* _Data provided_

▶

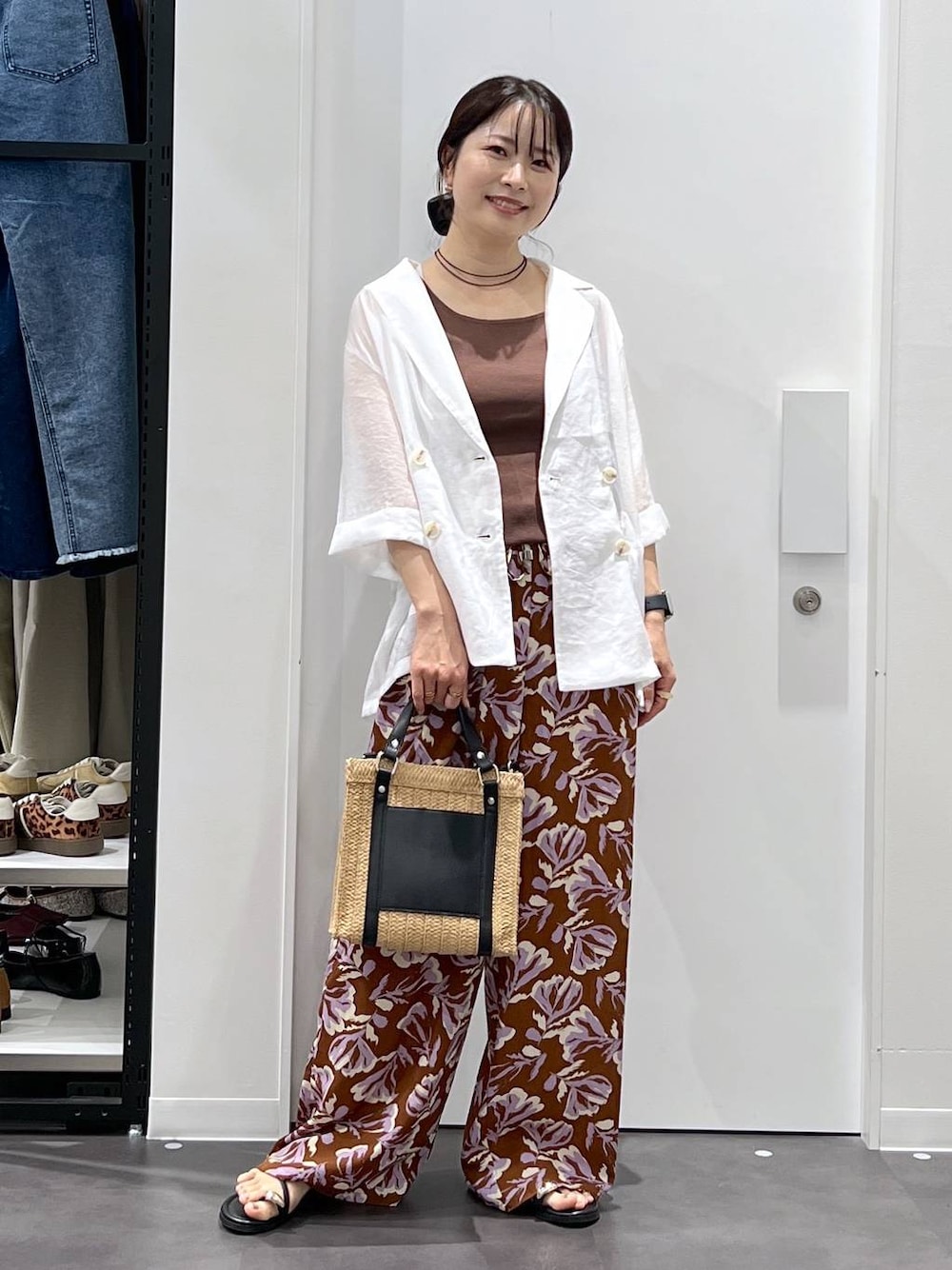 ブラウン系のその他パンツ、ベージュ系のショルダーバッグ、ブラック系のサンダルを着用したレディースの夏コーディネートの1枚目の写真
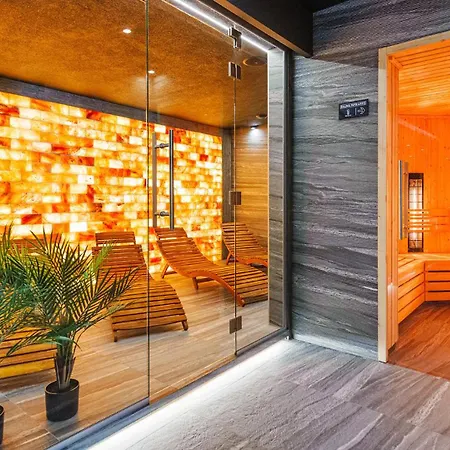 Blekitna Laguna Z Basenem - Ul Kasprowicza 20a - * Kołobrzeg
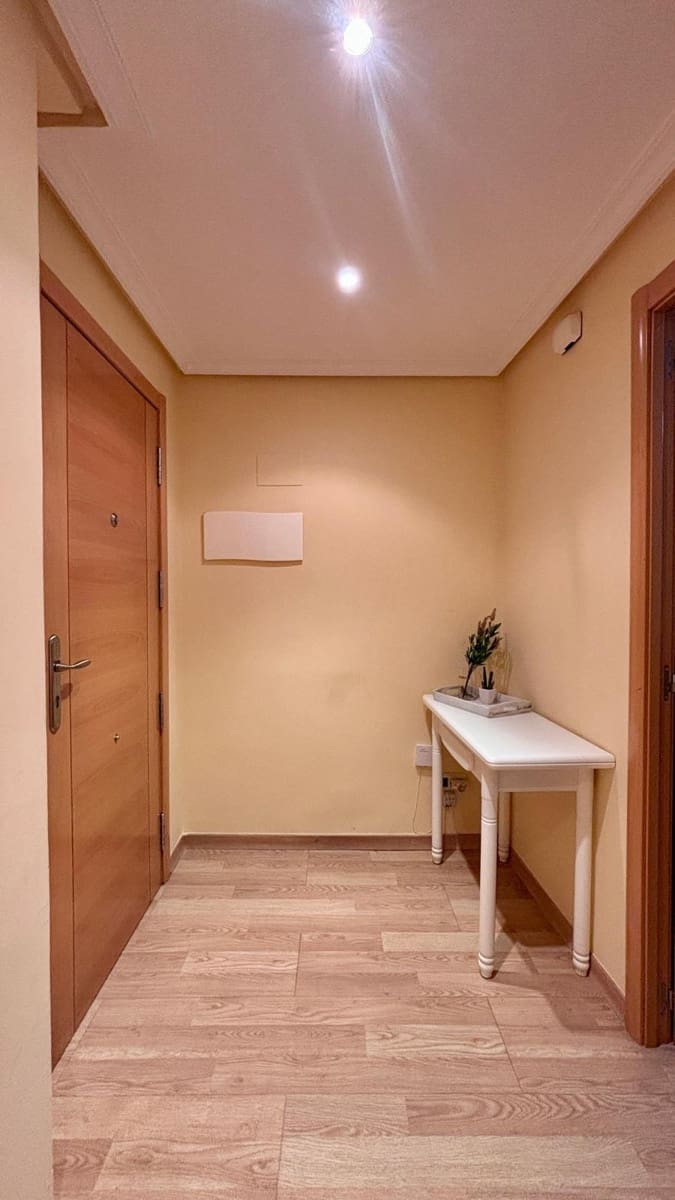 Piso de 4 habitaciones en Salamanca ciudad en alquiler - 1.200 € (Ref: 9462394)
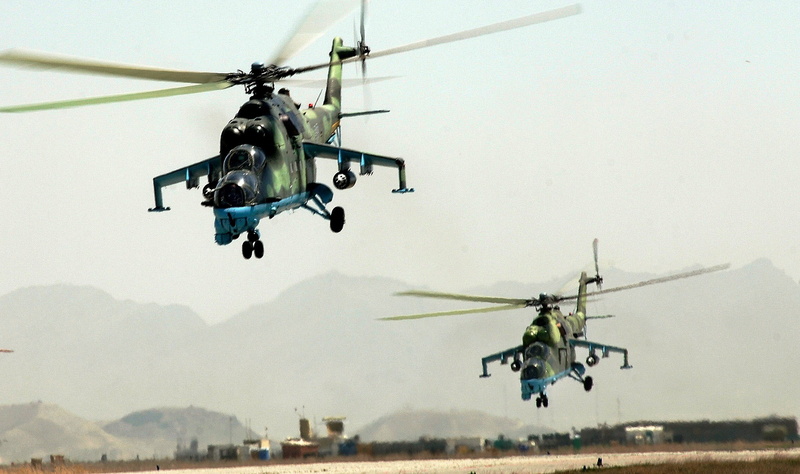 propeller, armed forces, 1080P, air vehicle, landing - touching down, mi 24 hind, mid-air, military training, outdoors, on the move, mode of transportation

◀

* _Exercise details_
Return exactly the lines that begin with the one containing "Blekitna Laguna Z" and end with the final line of the data above; include no pictures.

* _Result of the task_
 Blekitna Laguna Z Basenem - Ul Kasprowicza 20a - * Kołobrzeg
 Piso de 4 habitaciones en Salamanca ciudad en alquiler - 1.200 € (Ref: 9462394)
 propeller, armed forces, 1080P, air vehicle, landing - touching down, mi 24 hind, mid-air, military training, outdoors, on the move, mode of transportation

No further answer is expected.